Massive civil rights rallies have been planned for today across the country (Denver’s rally is at 5:30 at City Park) to coincide with the anniversary of the death of Dr. Martin Luther King, Jr. As The New York Times reports:
Labor unions and civil rights groups, joined by many other liberal organizations, are holding hundreds of rallies and teach-ins nationwide on Monday to defend collective bargaining and to tie it to the cause that the Rev. Dr. Martin Luther King was fighting for in the days before his death exactly 43 years ago. The sponsors of the “We Are One” rallies being held in 50 states repeatedly note that when Dr. King was assassinated on April 4, 1968, in Memphis, he was planning to march with 1,300 striking sanitation workers.
“In some ways the challenges we face on April 4, 2011, are very similar to those Dr. King faced in 1968,” Wade Henderson, president of the Leadership Conference on Civil and Human Rights, said Monday in a telephone news conference. “We’re suffering from grave economic challenges here at home.”
The rallies and 175 teach-ins have been organized in large part to protest the Republican-led efforts in Wisconsin and Ohio to curb collective bargaining for public employees. In some ways, the day of rallies aim to build on the union protests in those two states and to warn labor’s adversaries in state capitals and Washington that unions remain a force to contend with in politics and that unions have many supporters.

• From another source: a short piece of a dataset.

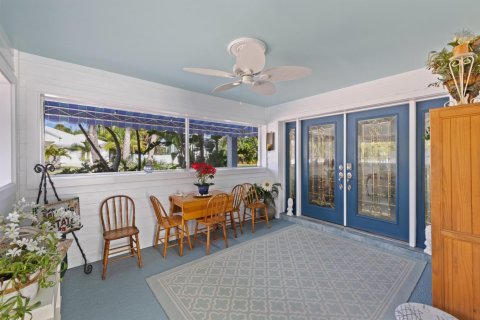 House in Fort Pierce, Florida 4 bedrooms, 332.22 sq.m. № 987157 - photo 1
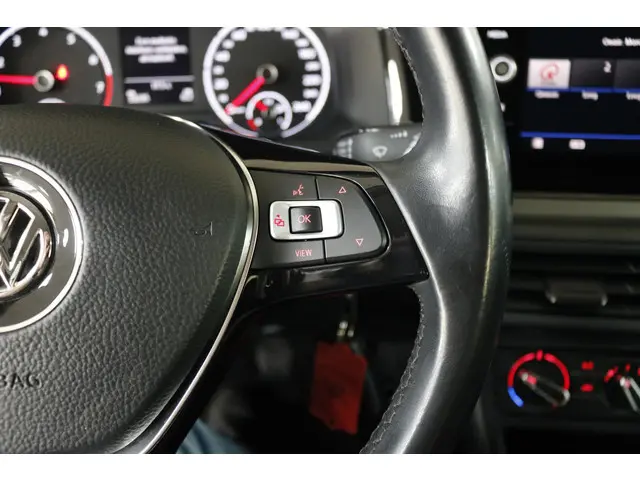 Volkswagen Polo 1.0 TSI Beats 2019 Benzine 17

Organizers of the rallies also said they wanted to draw attention to federal and state budget cuts that they said were hurting the most vulnerable Americans.

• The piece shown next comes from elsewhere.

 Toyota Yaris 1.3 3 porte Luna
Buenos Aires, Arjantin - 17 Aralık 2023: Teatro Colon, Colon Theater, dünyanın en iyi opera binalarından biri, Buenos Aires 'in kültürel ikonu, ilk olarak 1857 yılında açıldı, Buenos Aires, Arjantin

When the 2012 elections heat up next summer, we may be looking back at this day as a tipping point in gains by Democrats at the ballot box. The over-reaching and completely unnecessary moves by Wisconsin Gov. Scott Walker and other Republicans around the country awakened a slumbering group of progressives that might not otherwise have been as enthused about 2012. Walker’s efforts to take away collective bargaining rights prompted unprecedented demonstrations locally and created a firestorm that swept across the country.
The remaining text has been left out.